Later on, of course, if you have your own kids, you start breaking the books down into their component parts once more so you can build the stories anew with them. Look, there’s Goldbug.
Scarry’s books depict a very 1950s world so he has tweaked them over the years and revised them relatively extensively in the early 1990s to bring them up to date and address evolving concerns about gender roles and so on. Now father rabbits as well as mothers cook for their families, lady bears drive steamrollers and the cat labelled ‘beautiful screaming lady’ being rescued by a ‘brave hero’ in one of Busytown’s many conflagrations is the more prosaic but accurate ‘cat in danger’ being saved by a ‘firefighter’. I regret the loss of whimsy, but times change and what we lose in gently wry humour we gain in the next generation growing up to be not quite so rigidly sociosexually codified and casually racist as the one before, I guess. Good work, Lowly Worm and pals. Now if you could just take out that equally 1950s sense of optimism and can-do that also infuses Scarry’s anthropomorphic world and replace it with a more cautious, fearful sense that everything is about to fall apart, you will have a true reflection of the modern age and our children need not be perplexed or unsettled by the cheery faces on every page.
Or, of course, they can simply turn to Raymond Briggs, the man that gave the world Fungus, conscientious but dispirited bogeyman, a snowman that comes thrillingly alive but eventually melts away despite the magic and a grumpy Father Christmas. They all made a terrible kind of sense. Who said bogeymen had to be happy in their work? Snowmen melt. That is their nature, alive or not. And why on earth, when you thought about it, wouldn’t Father Christmas be grumpy? All that work, crammed into such an absurdly short space of time. The loneliness of the rest of the year, never able to share your secret or talk about your work with others. And the awful expectation of cheerfulness. Briggs’ sensibility was once described as Philip Larkin meets Hogarth, and it was one I warmed to immediately. It didn’t exactly introduce me to the concept of misanthropy but it gave form to the inchoate stirring in my own breast, an embryonic feeling that Other People were not a welcome addition to life but an energy-sapping intrusion into it.
I count myself very lucky to have got Raymond Briggs under my belt so young. I was about to start school.
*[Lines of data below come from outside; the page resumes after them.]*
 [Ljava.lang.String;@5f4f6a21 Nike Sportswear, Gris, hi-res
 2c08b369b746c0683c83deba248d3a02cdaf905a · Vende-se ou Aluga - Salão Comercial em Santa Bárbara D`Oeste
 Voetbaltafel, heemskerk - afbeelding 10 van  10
This is not a good time for a misanthropic, introvert bookworm. To deal with it I would need all the help from similarly tortured souls I could get.
School
My mother took me down to the big Victorian building, ten minutes’ walk from home, 200 or so away from the library (and built the year after it, finishing off the estate nicely), on my first day. Thirty-three of us were decanted into a single, separate classroom in the playground. It was a perfectly square, squat building with sides made almost entirely of huge glass windows which had then been spread with a thin layer of concrete to well over head height – an early health and safety measure, I presume. I like to imagine a world-weary teacher coming down with a mug of tea from the staffroom just as the architect finished his proud first circuit round the completed cube and saying to him: ‘Floor-to-ceiling plate glass housing three dozen mixed infants? Nice going, you modernist tit.’
I waved my mother off in relatively sanguine mood. I could read. I was keen to learn to write, and willing to have a crack at sums if need be. What else was there?
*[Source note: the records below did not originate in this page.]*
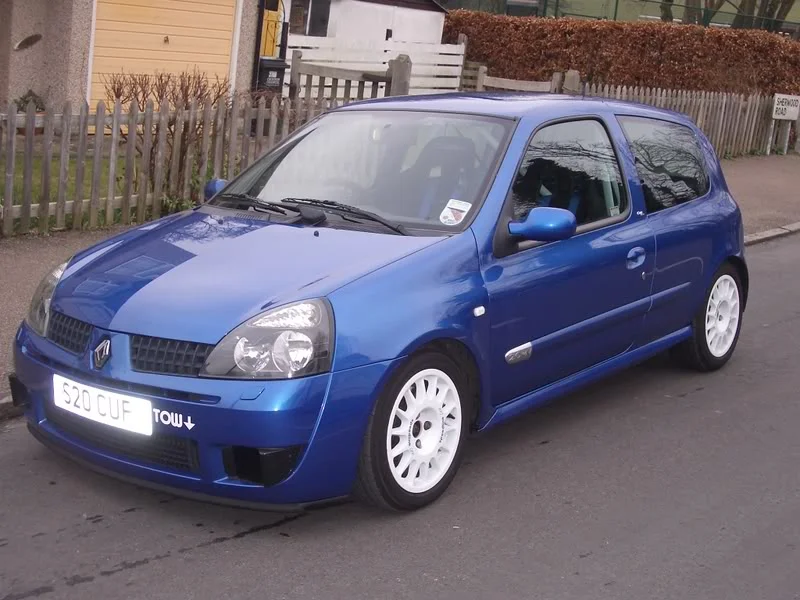 IMGP1580.webp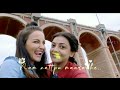 Tamil WhatsApp Status Girls Friendship Girls Friendship True Girls Friendship Life Long Travel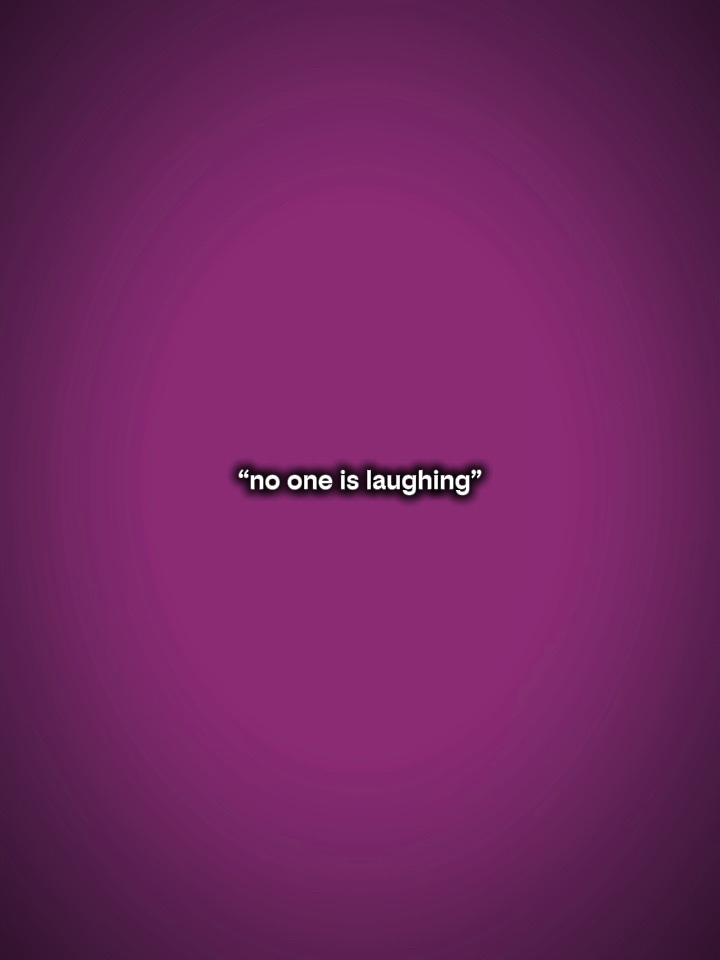 Riendo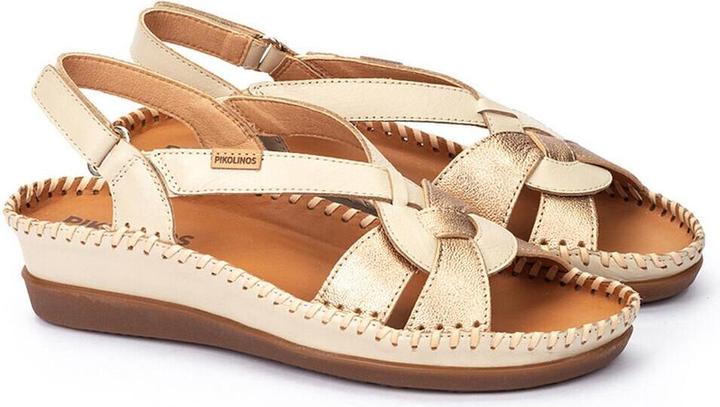 Produktbild Pikolinos Cadaques (35)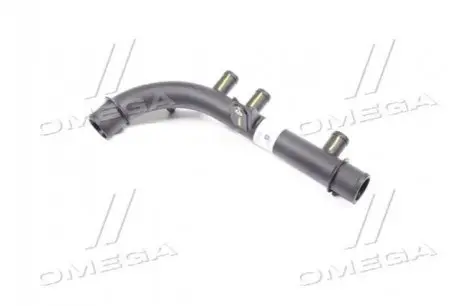 OE CHEVROLET K GM 96313300 Купити в Україні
At half-three Mum picked me up. I staggered brokenly down the steps. What, she asked, with interest if not concern, was the matter? It was hard to put into words, but the writer Florence King managed it in her (scabrous, hilarious) autobiography Confessions of a Failed Southern Lady. ‘Until I began school,’ she wrote, ‘I hadn’t realised I was a child. I thought I was just short.’
It was as new and terrible a revelation to me as it had been to her. My parents treated me and my sister as miniature adults – which is to say, they let us be ourselves. Not in a hippy way (I think my mother once bought some cheesecloth but in all other respects the Age of Aquarius passed my parents by) but in the old-fashioned way, born more of polite intergenerational disinterest than anything else. As a family we practised a sort of non-rugged individualism. We were thoroughly schooled in manners, ignored if we cried (absent free-flowing wounds or splintered bones), intimidated into a healthy respect for our elders, and if you wanted to ‘express yourself’ via any medium other than grammatically sound conversation held at a reasonable volume you were best advised to try it elsewhere.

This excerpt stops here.